Illarramendi has appealed his conviction & sentence, though the evidence against him was more than sufficient to obtain a conviction, in my humble opinion. Perhaps he needs to get on with serving his sentence, and discovering whether any information that he possesses could result in a sentence reduction. eighty-five per cent of thirteen years is a long time to serve in prison. Given the new focus on Venezuela as a clear and present danger to the United States, he may find his intimate knowledge of Venezuela's utterly corrupt government might be useful to American law enforcement agencies.
He also has information about two wealthy businessmen who were sources of short-term funding that he utilized, to keep his hedge fund afloat; certainly those individuals are potential targets for US law enforcement.

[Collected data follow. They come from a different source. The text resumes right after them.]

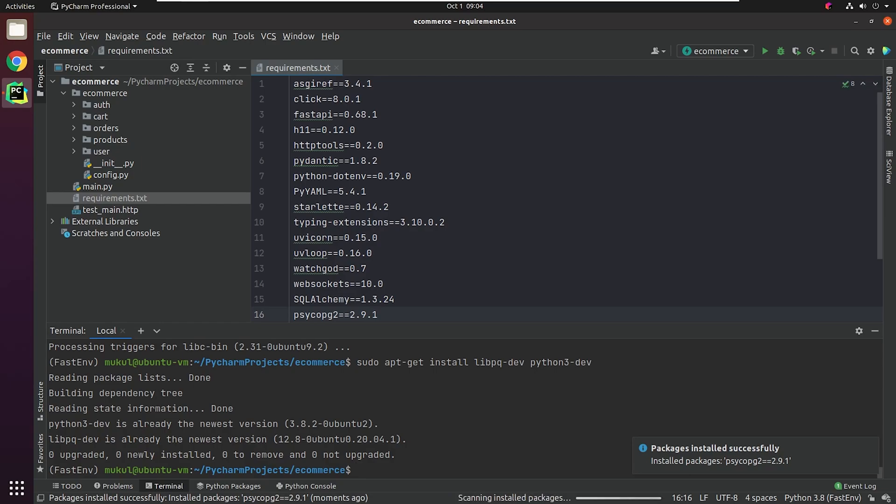Finally, the package has been successfully installed. Make sure to install system dependencies first, otherwise the package installation will fail.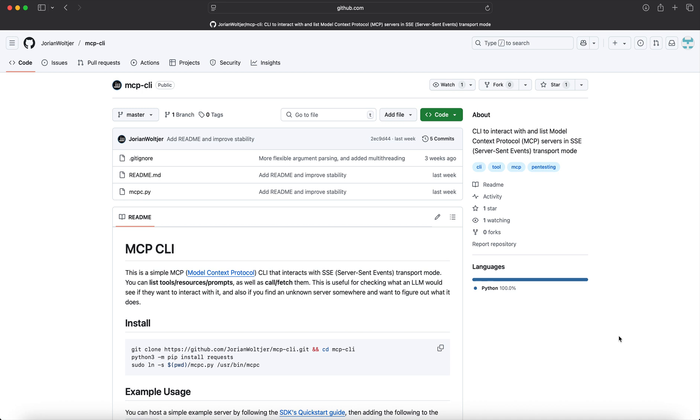Hello and welcome, this is Martin. Today I want to show you another tool in the MCP space, Model Context Protocol. I came across a really cool GitHub repo called MCP CLI, and what this effectively does is allows you to interact with MCP servers while using the SSE transport mode.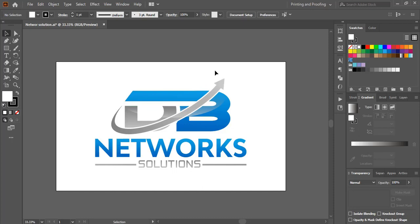How to present your logo in a more effective way so the client will accept your design — this is the most common question that comes to mind for every newbie designer. In this video, I'll show you how you can present your logo in three different effective ways. After putting in lots of effort, time, and research, when you finally develop a logo, the presentation is the key point where you can make your design a success by getting it accepted by the client.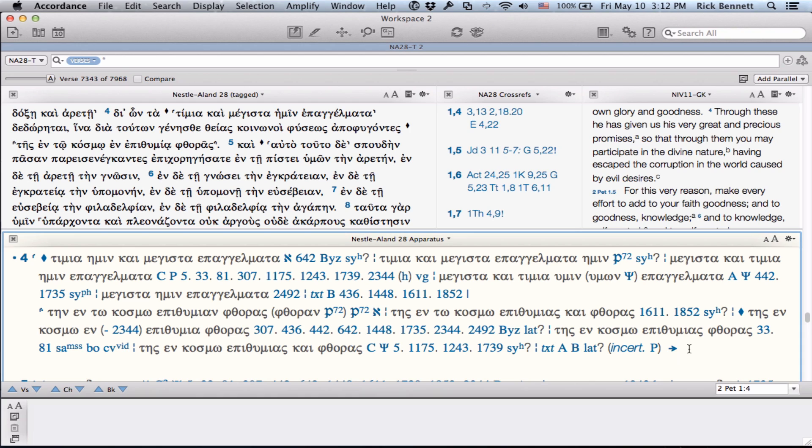As you can see, we have strived to design a version of the NA28 which gives you a research-grade representation of the original resource with the flexibility and power Accordance makes possible. We hope you enjoy using this new standard resource in your study and research. Thanks for watching.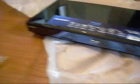That's a nice Blu-ray player. Now we can pick these up.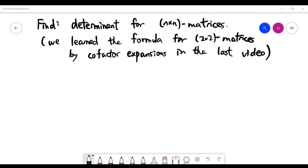In this video, we'll present the general determinant formula for general n by n matrices. We have learned how to find the determinant by cofactor expansions in the last video, simply for the 2 by 2 cases. Now let's generalize our cofactor expansion formula to bigger matrices.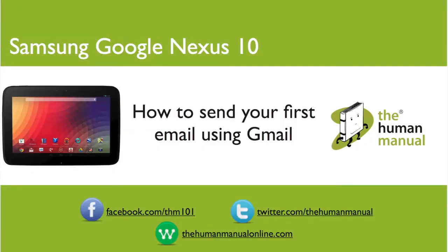Hi my name is Andrew, I'm a technology expert at The Human Manual. In this tutorial we'll show you how to send your first email using the Gmail app on your Samsung Google Nexus 10.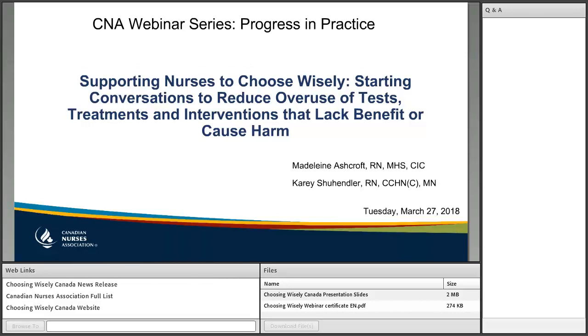Welcome everyone to the Canadian Nurses Association's webinar series, Progress in Practice. This webinar is titled 'Supporting Nurses to Choose Wisely: Starting Conversations to Reduce Overuse of Tests, Treatments, and Interventions that Lack Benefits or Cause Harm.'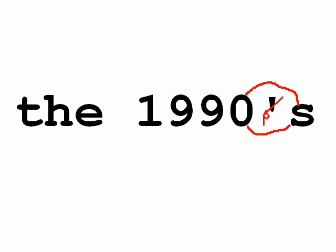It also says that numerals that are used as nouns form a plural by adding an S. For example, the 1990s would simply have an S at the end, not an apostrophe S.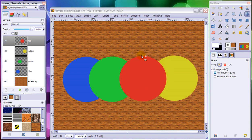And this is how layers work in GIMP, Photoshop, PaintShop Pro, Paint.Net, or any other graphics program that works with layers.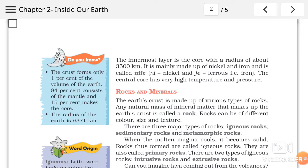Dubara se ek baar recap karte hai. First layer of the earth is crust. Uski jo thickness hai woh continental level par 35 km hai aur sea level par 5 kilometers. Uske baad second layer ki baat karein to 2900 km tak second layer hai, aur name hai mantle. Third layer ki ab hum baat kar rahe hai — uski jo total radius hai woh 3500 km hai. Aur yeh kis cheez se milkar buni hai? Nickel aur iron se. To isko Nife bhi bola jaata hai — Ni for nickel, Fe for iron.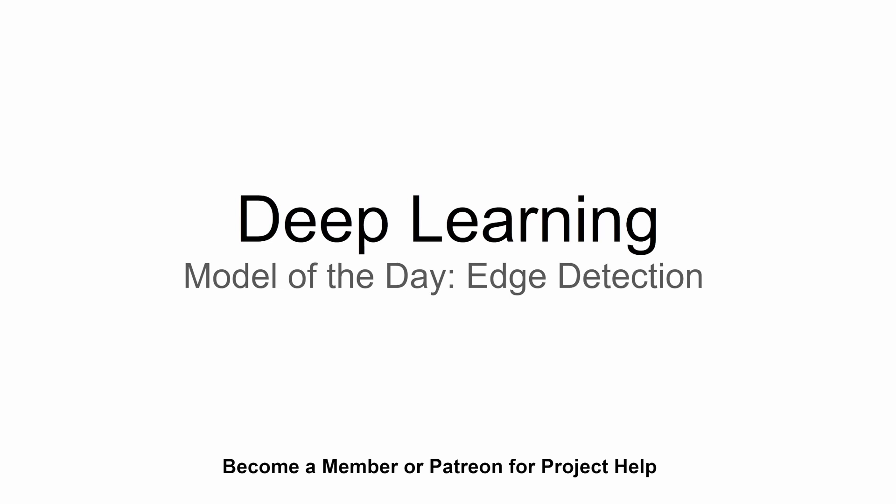Hey guys and welcome to today's video in this deep learning model of the day series. In this video we're going to see an edge detection deep learning model.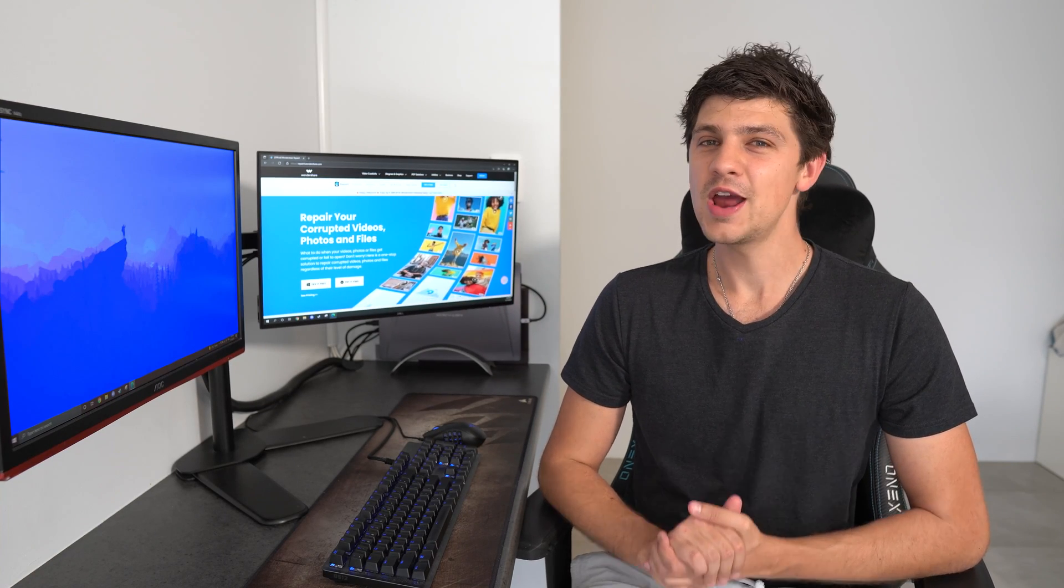Hi guys, I'm Dan and welcome back to Wondershare Repair It, professional software to fix corrupted photos and videos.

A final note: Illarramendi is serving his 13-year sentence in The Federal Correctional Institution (FCI) Fairton, in New Jersey, but BOP records show his estimated release date as "unknown." The defendant spent approximately 2 years pre-trial, in-custody, when his bail was revoked. Why has nobody calculated his release date ? Is it because he was not only a difficult defendant, before the Court, he apparently was difficult as a pre-trial detainee, while in custody ? Perhaps it is time that he recognize that the game is over, and stops trying to bend the rules for his own reasons.